I first started working with Ridley Scott when I was 28 years of age. At the time I was one of the youngest editors in Soho London, working with some incredible talent, including his son Jake Scott who then introduced us.
I'll never forget the first time we met; it was on an Orange campaign. Ridley sat down next to me, looked me over, I think to size me up, asked me my age and then stated, "Napoleon Bonaparte was the exact same age when he led his army into battle; so what exactly are your intentions on my film?" No one since has ever thrown down such a gauntlet to test my editing prowess. It's something that still makes me smile.
I then worked on further commercials with Ridley and was asked to work on specific scenes for Gladiator. My job was to play with the dream sequences, afterlife moments and the Leni Riefenstahl entrance to Rome. I believe that Ridley wanted a commercial editor to give the film some more bite. I went on to edit the title sequence for Hannibal before stepping into directing myself. I wouldn't say we lost touch, but I became extremely busy carving out my own career in London at that time.
Then, in 2017, I got a call out of the blue to ask if I could look at a television series called Taboo starring Tom Hardy. Ridley was producing it and was far from happy with the first pass on the edit. I came in, reworked episodes 1-4, giving time to the characters, the sound and also the otherworldly aspects to the series. This became the blueprint for episodes 4-8.

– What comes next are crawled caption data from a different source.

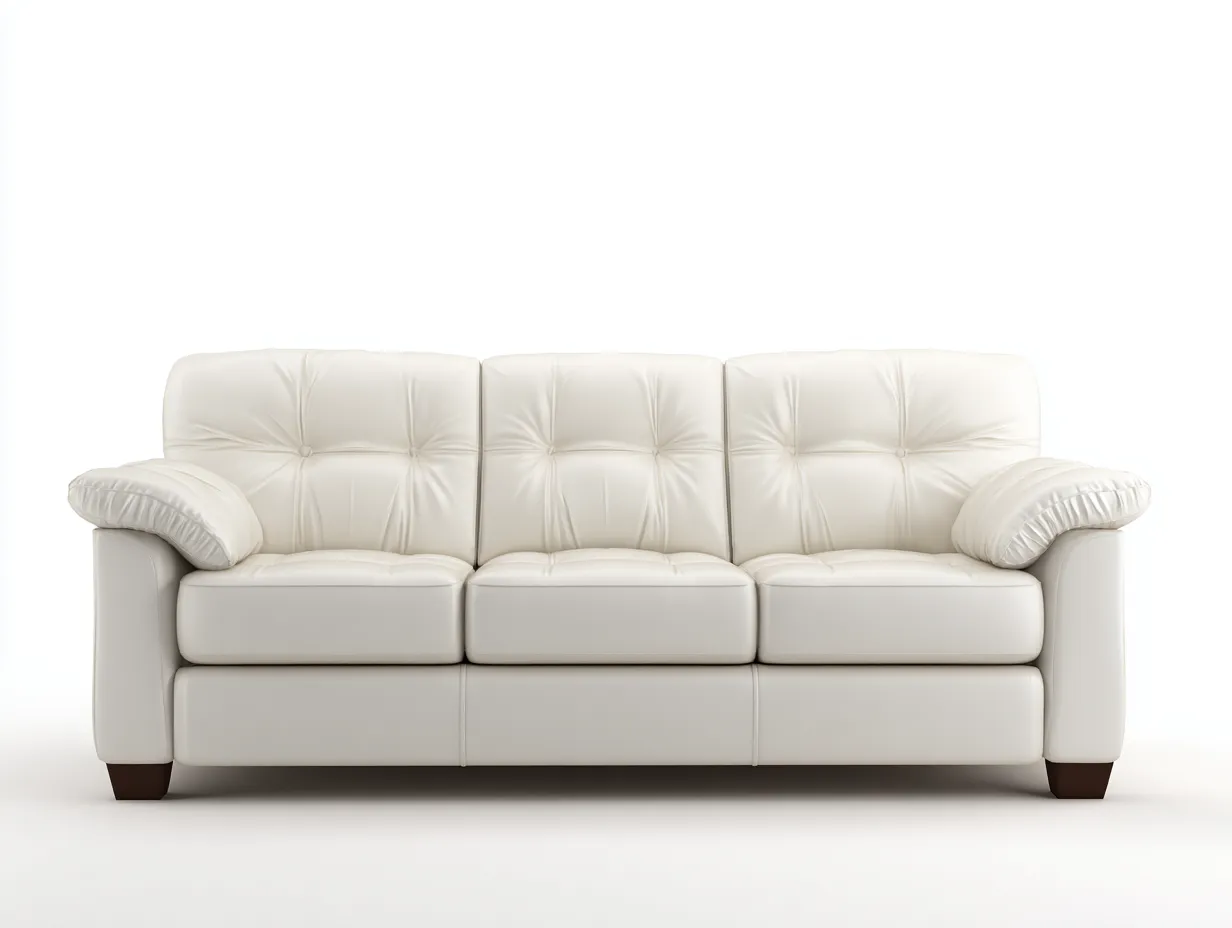 Divani a 3 posti - pelle - 224x96x92 cm - bianco - stile classico per soggiorno-Homiyard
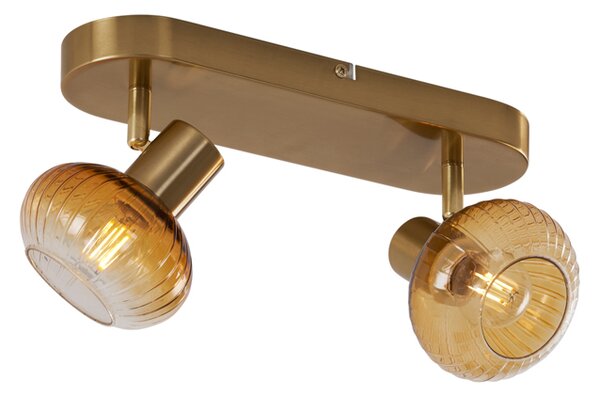Faretto da soffitto rotondo oro con vetro ambra 2 luci - Teddy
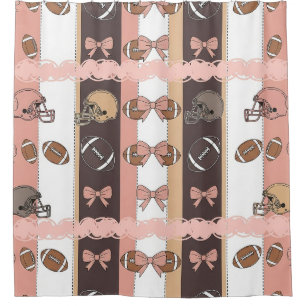 Coquette Football Bows Leopard Pattern (6) Shower Curtain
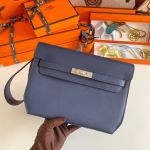 Hermes Kelly Depeches 25 Pouch in Blue Saphir Epsom Calfskin - Image 2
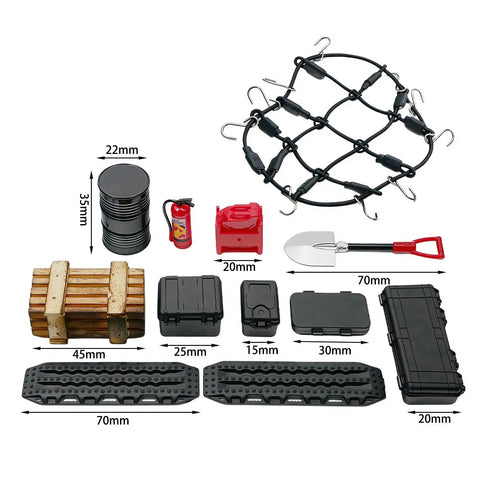 12 Piece Roof Decoration Kit For 1 By 18 TRX4M And 1 By 24 SCX24 Crawlers With Luggage Net, Recovery Boards, Fuel Tank, Tool Box, Fire Extinguisher, Shovel
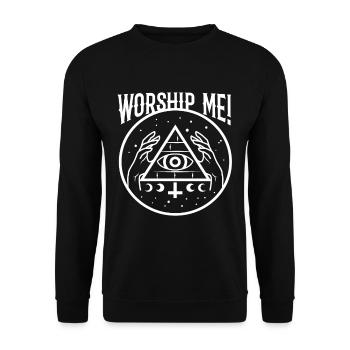 Worship me - Unisex Pullover - Schwarz - Vorne - Alina (178cm) & Michal (187cm)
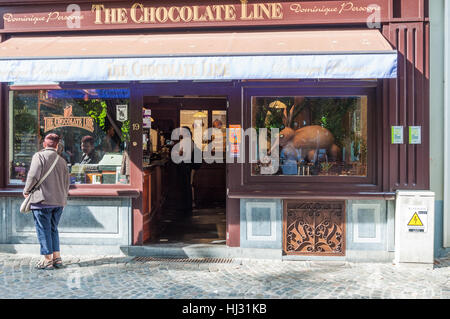 The Chocolate Line chocolate shop, Bruges, Belgium Stock Photo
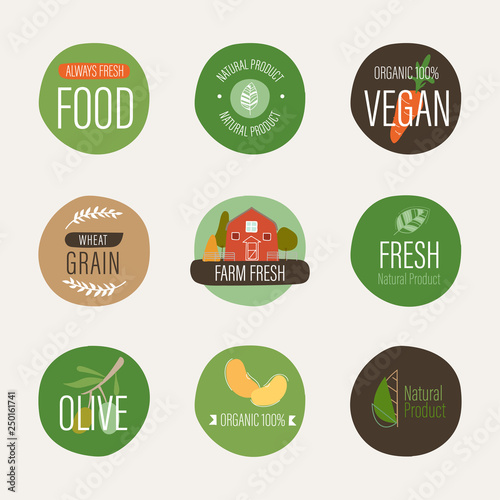natural label and fresh organic banner. agriculture mark logo farm sticker brush paint design.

In 2018, I got another call to work on Hennessy. We shot the film early July in Prague over just four days, and then spent the next five months editing, posting and crafting the opus into an incredible ride that is distinctly Ridley Scott. In fact, Ridley had a blank canvas to create the worlds that represent the seven attributes of the drink, which is a rarity in advertising these days.
What I love most when working with the maestro is his references that can come from anywhere, such as a historical work of art or an unexpected piece of music from the 15th century; in fact, his unyielding databank of references helped shape the wood golem. A painting by William Blake called "The Ghost of a Flea," currently hanging in the Tate Britain, was his reference to help visualize this strange woodland entity to the post house.
Ridley also likes to draw everything that he is describing, which is commendable considering we are working on incredibly high-tech themes; and yet the pen is still his go-to tool.
As his editor, a huge amount of responsibility falls on my delivery, not just on picture but on the sound design as well. Ridley demands that the sound be as close as we can make it before going to a studio or composer to have the worlds fully realized so there is a proper foundation to work from; this in itself was a journey of discovery.
I spent hours sourcing classical music scores and building the worlds up with more unexpected sound design, such as elements from the Music Concrete movement of the mid 1950s, where a lot of early experimental electronica was created.
The project itself was a constant reimagining—initially I built the scenes up from studio shot references of the giants, A.I., glider and even the wood golem which was shot as motion capture. These rough timings were then handed over to MPC as a framework for their rendering.
With each render came a new set of challenges, such as unexpected re-timings of scenes or even a complete reimagining of a moment. This was consistent right up until the last minute as the edit was updated and the renders jumping in quality, depth and visual impact. To be honest, this was an staggering amount of post work and unlike anything I have witnessed on a commercial level.
Cutting Ridley's Turkish Airlines film was a different animal entirely. I was brought in to work on it while still editing Hennessy. Ridley had just shot with us in Prague and then jetted off immediately to shoot TA in Istanbul.
By the time I got involved, the edit was already up and running. However, Ridley wanted it to be tightened further and for me to play with the timeline of events within the story. The film itself is a chase through the streets of Istanbul with two female protagonists and a storyline that is incredibly tongue in cheek.
Tightening up the film was very straightforward. We got there incredibly quickly, but playing with the timeline of events was a more experimental process, where I toyed with deconstructing time and enabling the past to run in contrast to the present.
Albeit a lot of fun in deconstructing the story, most of it we threw away—if anything, it was more of an exercise in what we could do to shake up the storyline further.
Once we had explored this concept, we used this design to open the story with, which works remarkably well. The rest was a playful tour de force of two incredible acting talents that are a joy to watch on screen.
Again, with the audio, we dialed up a lot of the sound design to really punctuate the story beats, but equally to play up the flavors that make Istanbul such a striking and exciting city to be in. This really comes through when watching the film.
The new Istanbul terminal wasn't, in fact, finished during the filming, so a fair amount of post was spent on the terminal building cleanup and also the aerial arrival shot over the runway, which took many hours to get right.
Although my amount of time spent on this project was in stark contrast to Hennessy, it nevertheless required just as much effort and focus to deliver what Ridley wanted to conceive visually.
Overall, working with such an auteur is truly a unique experience and always a huge learning curve, even at my age. In fact, Hennessy was Ridley's first commercial in 13 years. Shockingly, I had cut his previous commercial—it was for Barclays Bank with Samuel Jackson. Time flies.